Finite dimensional central division $\mathbb K$-algebra as a subalgebra of a matrix $\mathbb K$-algebra

Write $d=\dim_K(D)$. Consider the set $D^m$ for a natural number $m$. Then $D^m$ is a right $D$-module, and has dimension $md$ as a vector space over $D$. Choose a basis $B$ for $D^m$ over $K$. Each right multiplication map $\rho_a:x\to xa$ on $D^m$ is a $K$-vector endomorphism of $D^m$. Expressing it in terms of the basis $B$ gives a matrix $N_a$. Then $a\to N_a$ is a homomorphism from $D$ to $M_{md}(K)$. As $D$ is simple, its image is isomorphic to $D$ and is a subring of $M_{md}(K)$.

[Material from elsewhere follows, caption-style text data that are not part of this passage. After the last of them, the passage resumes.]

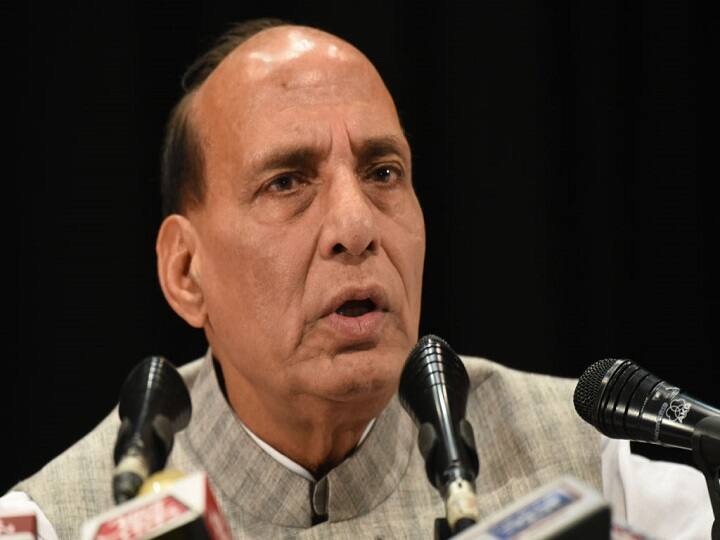 Central government directs states on security of Kashmiri people केंद्र का राज्यों को निर्देश- कश्मीरी नागरिकों की सुरक्षा के लिए उठाएं हर जरूरी कदम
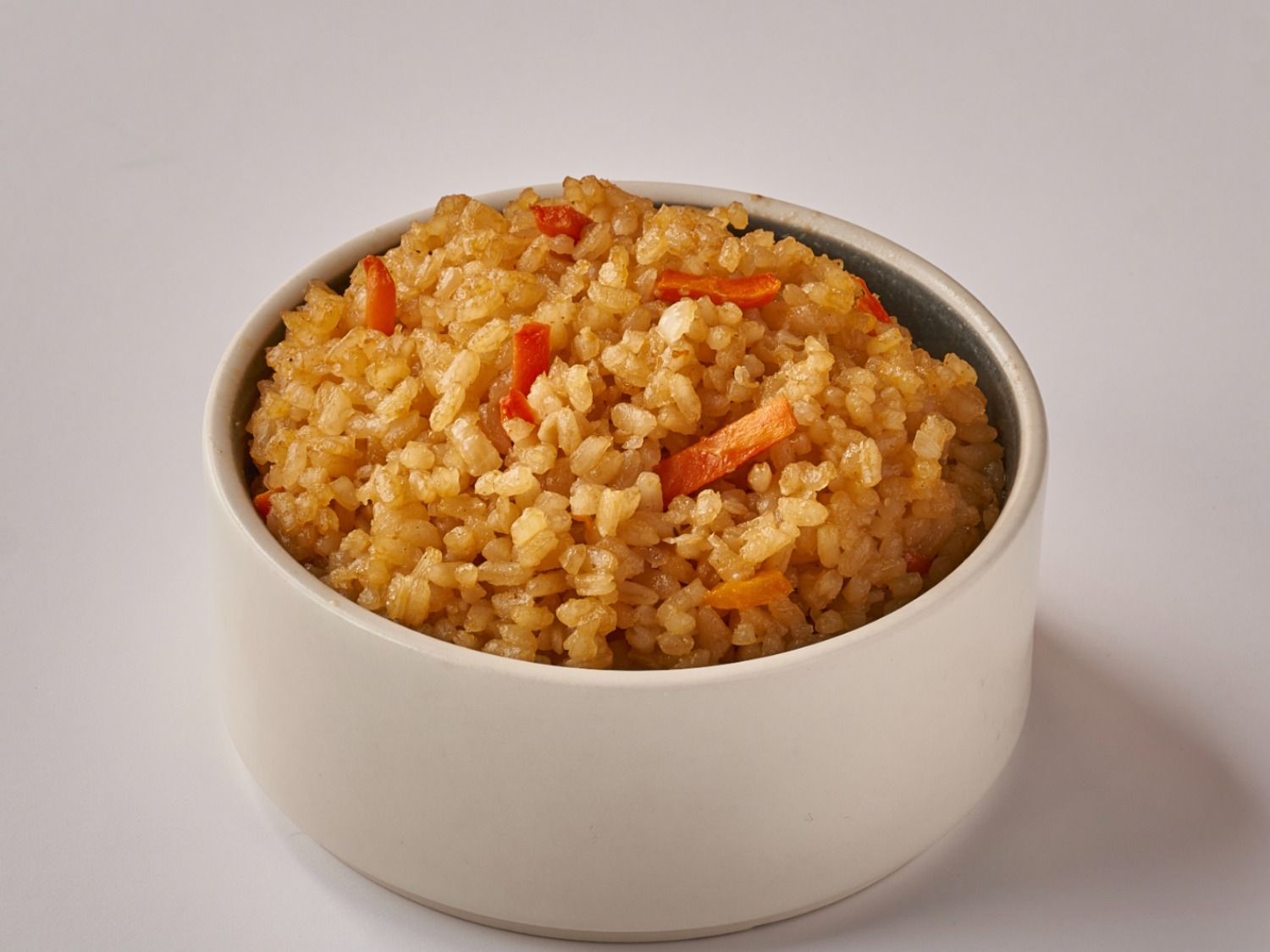 zoma rice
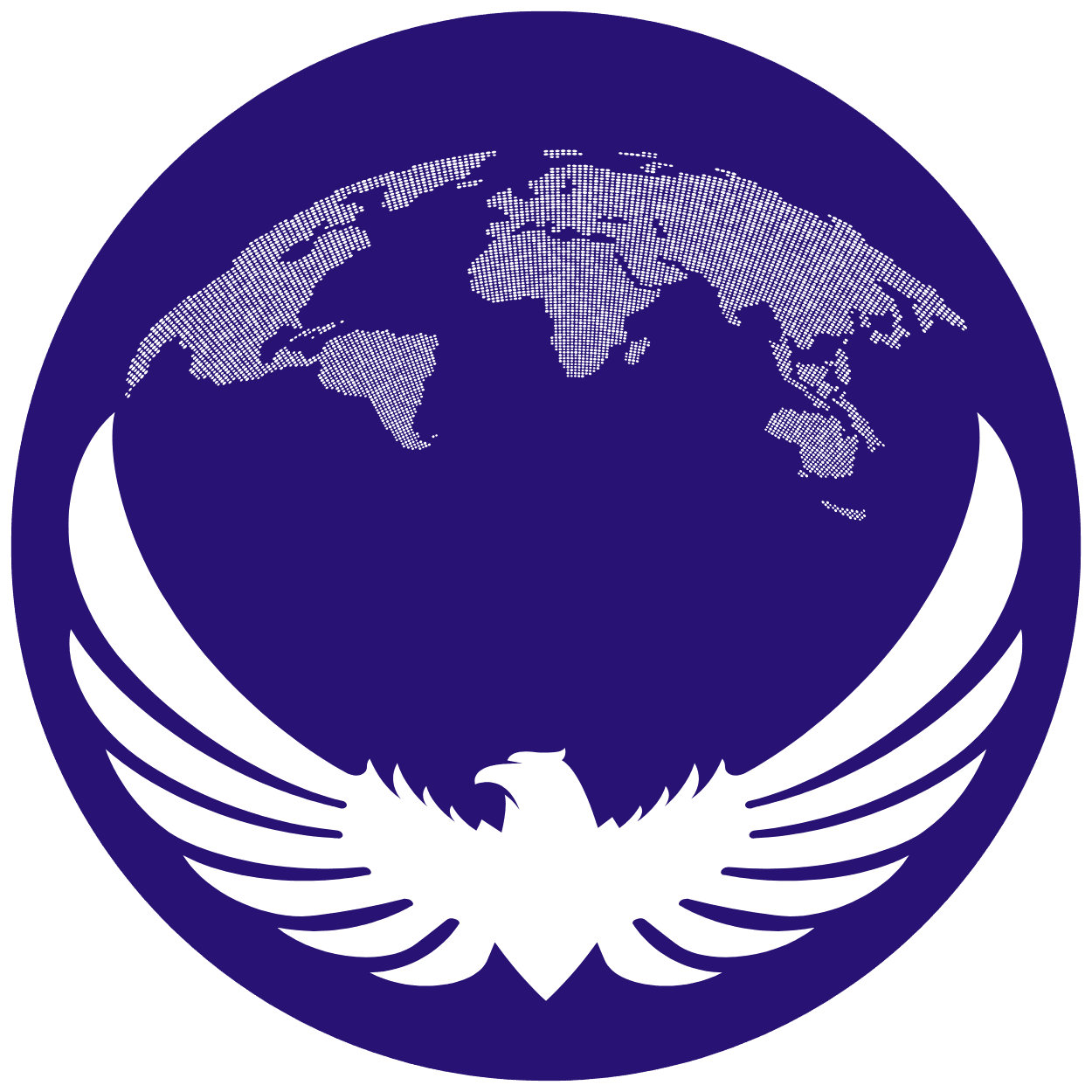 TWOTE Management & Consulting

Conversely consider an embedding $\phi:D\to M_n(K)$. Then $K^n$ becomes a right $D$-module via $v\cdot a=v\phi(a)$. For a division ring, module theory follows the same lines as vector space theory over a field: every module is free. Thus $K^n\cong D^m$ as a $D$-module for some $m$. Then $n=md$ on counting dimensions over $K$.


If $D$ is a unital subring of $M_r(K)$ then $K^r$ is a unital $D$-module. But $D$ is a division ring so this means $K^r$ is a $D$-vector spaces, i.e. $K^r=D^m$ for $m=\dim_D K^r$. Evidently $r=m\dim D$.